> **WHAT TO DO**
Output, word for word, the lines of this listing that fall between the line with "#DeafYoungCode #ErasmusPlus #InclusiveCoding" and the line with "diffusion. § When a", counting both of those lines, and no others.

========

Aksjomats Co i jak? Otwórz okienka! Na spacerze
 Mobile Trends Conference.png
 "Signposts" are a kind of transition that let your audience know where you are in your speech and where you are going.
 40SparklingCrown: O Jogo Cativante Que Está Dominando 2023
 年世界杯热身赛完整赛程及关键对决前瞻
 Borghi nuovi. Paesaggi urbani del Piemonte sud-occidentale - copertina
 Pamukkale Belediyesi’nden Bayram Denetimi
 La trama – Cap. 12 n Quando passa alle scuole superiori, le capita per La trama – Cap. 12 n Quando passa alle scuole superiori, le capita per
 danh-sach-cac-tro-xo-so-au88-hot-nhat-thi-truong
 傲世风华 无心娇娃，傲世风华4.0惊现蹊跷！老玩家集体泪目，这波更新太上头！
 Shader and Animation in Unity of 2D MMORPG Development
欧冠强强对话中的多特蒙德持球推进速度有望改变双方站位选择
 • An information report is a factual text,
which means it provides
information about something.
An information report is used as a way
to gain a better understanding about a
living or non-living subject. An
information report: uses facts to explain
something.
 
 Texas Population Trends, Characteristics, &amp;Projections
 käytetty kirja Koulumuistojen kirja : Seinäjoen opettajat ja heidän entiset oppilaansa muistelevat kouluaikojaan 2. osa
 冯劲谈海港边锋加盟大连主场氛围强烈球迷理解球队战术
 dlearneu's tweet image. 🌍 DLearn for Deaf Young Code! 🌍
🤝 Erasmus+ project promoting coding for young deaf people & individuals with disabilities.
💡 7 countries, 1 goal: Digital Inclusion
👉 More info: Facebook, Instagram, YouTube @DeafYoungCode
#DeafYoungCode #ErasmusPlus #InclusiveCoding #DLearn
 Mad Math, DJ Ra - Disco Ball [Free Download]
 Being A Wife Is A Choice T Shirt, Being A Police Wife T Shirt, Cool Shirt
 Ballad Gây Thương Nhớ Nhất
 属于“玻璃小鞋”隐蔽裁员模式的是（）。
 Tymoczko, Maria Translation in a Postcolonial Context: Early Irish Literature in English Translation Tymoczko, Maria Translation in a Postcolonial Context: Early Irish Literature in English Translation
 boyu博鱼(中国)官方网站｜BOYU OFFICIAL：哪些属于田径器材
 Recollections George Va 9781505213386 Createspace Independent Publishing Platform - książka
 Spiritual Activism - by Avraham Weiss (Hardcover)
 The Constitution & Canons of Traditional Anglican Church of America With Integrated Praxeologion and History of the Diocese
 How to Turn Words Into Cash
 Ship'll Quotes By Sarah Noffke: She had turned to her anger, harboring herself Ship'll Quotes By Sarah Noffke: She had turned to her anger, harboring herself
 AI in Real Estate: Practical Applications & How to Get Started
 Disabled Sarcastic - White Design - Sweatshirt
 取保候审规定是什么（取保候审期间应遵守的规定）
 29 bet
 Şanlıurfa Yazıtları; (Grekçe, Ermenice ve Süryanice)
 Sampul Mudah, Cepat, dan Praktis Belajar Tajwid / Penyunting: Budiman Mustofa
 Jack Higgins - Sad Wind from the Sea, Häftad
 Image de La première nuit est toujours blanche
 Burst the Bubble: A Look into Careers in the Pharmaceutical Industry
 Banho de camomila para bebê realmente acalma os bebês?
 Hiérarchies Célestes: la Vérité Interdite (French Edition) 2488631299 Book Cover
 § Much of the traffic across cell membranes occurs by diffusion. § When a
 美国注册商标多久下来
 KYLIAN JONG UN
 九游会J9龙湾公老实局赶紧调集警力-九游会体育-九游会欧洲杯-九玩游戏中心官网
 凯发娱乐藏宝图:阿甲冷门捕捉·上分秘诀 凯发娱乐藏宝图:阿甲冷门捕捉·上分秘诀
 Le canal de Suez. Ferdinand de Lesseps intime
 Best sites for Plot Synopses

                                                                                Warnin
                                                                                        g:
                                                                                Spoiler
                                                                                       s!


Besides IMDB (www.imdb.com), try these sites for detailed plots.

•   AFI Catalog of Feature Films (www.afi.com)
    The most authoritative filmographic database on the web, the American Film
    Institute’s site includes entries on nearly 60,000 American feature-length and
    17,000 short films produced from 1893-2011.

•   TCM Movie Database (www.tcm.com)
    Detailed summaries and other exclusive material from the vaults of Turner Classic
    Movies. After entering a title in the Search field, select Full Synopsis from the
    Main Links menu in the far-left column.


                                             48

========

> **SOLUTION FOR THIS PROBLEM**
#DeafYoungCode #ErasmusPlus #InclusiveCoding #DLearn
 Mad Math, DJ Ra - Disco Ball [Free Download]
 Being A Wife Is A Choice T Shirt, Being A Police Wife T Shirt, Cool Shirt
 Ballad Gây Thương Nhớ Nhất
 属于“玻璃小鞋”隐蔽裁员模式的是（）。
 Tymoczko, Maria Translation in a Postcolonial Context: Early Irish Literature in English Translation Tymoczko, Maria Translation in a Postcolonial Context: Early Irish Literature in English Translation
 boyu博鱼(中国)官方网站｜BOYU OFFICIAL：哪些属于田径器材
 Recollections George Va 9781505213386 Createspace Independent Publishing Platform - książka
 Spiritual Activism - by Avraham Weiss (Hardcover)
 The Constitution & Canons of Traditional Anglican Church of America With Integrated Praxeologion and History of the Diocese
 How to Turn Words Into Cash
 Ship'll Quotes By Sarah Noffke: She had turned to her anger, harboring herself Ship'll Quotes By Sarah Noffke: She had turned to her anger, harboring herself
 AI in Real Estate: Practical Applications & How to Get Started
 Disabled Sarcastic - White Design - Sweatshirt
 取保候审规定是什么（取保候审期间应遵守的规定）
 29 bet
 Şanlıurfa Yazıtları; (Grekçe, Ermenice ve Süryanice)
 Sampul Mudah, Cepat, dan Praktis Belajar Tajwid / Penyunting: Budiman Mustofa
 Jack Higgins - Sad Wind from the Sea, Häftad
 Image de La première nuit est toujours blanche
 Burst the Bubble: A Look into Careers in the Pharmaceutical Industry
 Banho de camomila para bebê realmente acalma os bebês?
 Hiérarchies Célestes: la Vérité Interdite (French Edition) 2488631299 Book Cover
 § Much of the traffic across cell membranes occurs by diffusion. § When a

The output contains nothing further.